Yes, but I believe they have the "D" model Apache and my expertise is on the "A" model variant. I will keep my options open though and thanks


----------



## yakc130 (Apr 27, 2012)

Which branch of the Saudi military would you be working with?


----------



## fpg68j2p (Mar 27, 2016)

It would be the Royal Saudi Land Forces Army Aviation Command ( RSLFAAC)


----------



## yakc130 (Apr 27, 2012)

Ah, okay. I was working for SANG Health Affairs for the last five years, and am more familiar with their new helibase and airfield. I have friends working for Dyncorp who are doing RSAF stuff. 

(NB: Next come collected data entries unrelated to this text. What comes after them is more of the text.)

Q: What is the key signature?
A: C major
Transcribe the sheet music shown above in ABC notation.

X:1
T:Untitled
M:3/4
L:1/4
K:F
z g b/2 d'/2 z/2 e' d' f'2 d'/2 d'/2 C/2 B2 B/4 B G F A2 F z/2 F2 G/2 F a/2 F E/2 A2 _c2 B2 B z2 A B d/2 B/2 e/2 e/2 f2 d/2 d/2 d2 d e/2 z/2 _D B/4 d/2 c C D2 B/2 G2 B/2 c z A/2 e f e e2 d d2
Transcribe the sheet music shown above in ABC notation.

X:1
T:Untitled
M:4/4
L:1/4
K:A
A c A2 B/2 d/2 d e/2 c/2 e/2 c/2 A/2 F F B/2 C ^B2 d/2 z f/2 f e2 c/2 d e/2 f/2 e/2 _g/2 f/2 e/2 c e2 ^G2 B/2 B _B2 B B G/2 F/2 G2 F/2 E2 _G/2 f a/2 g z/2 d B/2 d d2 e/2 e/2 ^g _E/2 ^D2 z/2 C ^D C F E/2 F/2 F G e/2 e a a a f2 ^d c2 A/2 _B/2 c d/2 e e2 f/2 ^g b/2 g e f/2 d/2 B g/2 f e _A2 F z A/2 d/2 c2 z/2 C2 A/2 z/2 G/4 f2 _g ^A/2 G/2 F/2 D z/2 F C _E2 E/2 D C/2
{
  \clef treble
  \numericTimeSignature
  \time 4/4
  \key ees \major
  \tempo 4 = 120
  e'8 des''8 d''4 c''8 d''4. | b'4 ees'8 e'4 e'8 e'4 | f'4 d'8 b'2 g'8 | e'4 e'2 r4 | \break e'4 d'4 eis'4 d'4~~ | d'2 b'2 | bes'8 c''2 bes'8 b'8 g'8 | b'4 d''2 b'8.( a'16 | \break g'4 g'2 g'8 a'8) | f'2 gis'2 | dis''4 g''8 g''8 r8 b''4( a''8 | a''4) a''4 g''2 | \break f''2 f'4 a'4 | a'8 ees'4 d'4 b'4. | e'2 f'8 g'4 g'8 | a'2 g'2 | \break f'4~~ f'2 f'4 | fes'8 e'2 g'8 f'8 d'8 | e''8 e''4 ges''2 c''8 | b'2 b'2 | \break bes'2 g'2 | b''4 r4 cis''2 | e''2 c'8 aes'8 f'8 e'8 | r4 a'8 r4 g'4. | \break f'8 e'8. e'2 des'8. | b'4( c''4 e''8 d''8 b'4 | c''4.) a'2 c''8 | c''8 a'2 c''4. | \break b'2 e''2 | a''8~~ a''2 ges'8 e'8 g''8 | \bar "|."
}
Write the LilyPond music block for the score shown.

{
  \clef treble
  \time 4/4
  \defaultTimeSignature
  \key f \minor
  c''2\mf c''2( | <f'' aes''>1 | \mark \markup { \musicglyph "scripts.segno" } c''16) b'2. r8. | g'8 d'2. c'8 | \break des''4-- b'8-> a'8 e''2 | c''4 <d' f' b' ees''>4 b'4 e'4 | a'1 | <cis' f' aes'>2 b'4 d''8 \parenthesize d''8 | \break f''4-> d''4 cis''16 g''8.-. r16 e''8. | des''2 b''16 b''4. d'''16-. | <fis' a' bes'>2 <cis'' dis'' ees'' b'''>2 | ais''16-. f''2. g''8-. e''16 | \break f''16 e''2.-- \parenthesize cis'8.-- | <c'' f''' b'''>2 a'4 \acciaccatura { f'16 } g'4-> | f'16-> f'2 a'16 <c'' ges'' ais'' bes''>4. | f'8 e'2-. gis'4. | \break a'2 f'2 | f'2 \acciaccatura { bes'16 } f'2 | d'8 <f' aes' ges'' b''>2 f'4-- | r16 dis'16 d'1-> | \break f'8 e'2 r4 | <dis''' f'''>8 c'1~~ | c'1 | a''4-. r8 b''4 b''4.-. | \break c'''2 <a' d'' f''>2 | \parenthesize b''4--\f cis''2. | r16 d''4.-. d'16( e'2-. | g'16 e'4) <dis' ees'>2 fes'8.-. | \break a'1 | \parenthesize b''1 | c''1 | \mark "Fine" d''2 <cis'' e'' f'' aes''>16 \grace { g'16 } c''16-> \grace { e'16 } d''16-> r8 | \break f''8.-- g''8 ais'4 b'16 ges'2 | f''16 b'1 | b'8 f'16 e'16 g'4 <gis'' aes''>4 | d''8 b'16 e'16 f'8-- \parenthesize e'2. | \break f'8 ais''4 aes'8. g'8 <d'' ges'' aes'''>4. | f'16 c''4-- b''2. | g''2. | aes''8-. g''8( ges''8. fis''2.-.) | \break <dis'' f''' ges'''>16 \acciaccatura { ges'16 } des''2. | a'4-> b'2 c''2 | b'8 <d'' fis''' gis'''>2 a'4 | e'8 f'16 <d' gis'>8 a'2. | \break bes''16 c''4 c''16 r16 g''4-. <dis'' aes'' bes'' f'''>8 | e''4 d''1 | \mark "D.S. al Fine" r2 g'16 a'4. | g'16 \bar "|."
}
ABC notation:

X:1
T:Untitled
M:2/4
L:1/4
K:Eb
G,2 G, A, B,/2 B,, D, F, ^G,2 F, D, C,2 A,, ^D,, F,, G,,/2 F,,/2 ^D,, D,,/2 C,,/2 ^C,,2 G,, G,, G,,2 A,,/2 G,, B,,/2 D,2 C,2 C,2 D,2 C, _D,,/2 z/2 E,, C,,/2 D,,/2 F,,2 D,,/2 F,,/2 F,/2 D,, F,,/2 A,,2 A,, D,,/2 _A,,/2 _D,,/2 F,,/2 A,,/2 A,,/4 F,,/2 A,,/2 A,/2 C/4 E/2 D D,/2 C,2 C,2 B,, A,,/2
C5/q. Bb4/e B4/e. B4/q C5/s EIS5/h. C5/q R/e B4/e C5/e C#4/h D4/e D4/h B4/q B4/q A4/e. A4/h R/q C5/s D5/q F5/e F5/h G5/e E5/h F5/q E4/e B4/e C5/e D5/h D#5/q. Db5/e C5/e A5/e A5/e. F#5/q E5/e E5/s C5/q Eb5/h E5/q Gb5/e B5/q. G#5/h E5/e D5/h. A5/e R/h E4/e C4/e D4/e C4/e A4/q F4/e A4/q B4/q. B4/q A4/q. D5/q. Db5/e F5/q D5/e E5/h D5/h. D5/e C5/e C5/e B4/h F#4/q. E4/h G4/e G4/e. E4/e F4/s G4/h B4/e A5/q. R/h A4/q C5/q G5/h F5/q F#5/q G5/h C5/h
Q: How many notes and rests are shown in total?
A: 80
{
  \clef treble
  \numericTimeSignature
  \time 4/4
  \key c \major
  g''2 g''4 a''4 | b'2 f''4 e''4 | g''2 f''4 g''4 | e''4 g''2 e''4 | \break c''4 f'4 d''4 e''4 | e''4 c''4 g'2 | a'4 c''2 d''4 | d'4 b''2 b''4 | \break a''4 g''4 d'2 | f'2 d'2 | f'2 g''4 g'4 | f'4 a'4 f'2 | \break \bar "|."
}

I will try and send you a PM. I think that once you get up to six posts, you will be able to send a PM back to me. If nothing is in your PM box, try making a few more posts so that you can receive them.


----------



## yakc130 (Apr 27, 2012)

Doesn't look like I can send you a PM, yet.


----------



## fpg68j2p (Mar 27, 2016)

Ok thanks alot I appreciate it; will do some more posts so I can PM


----------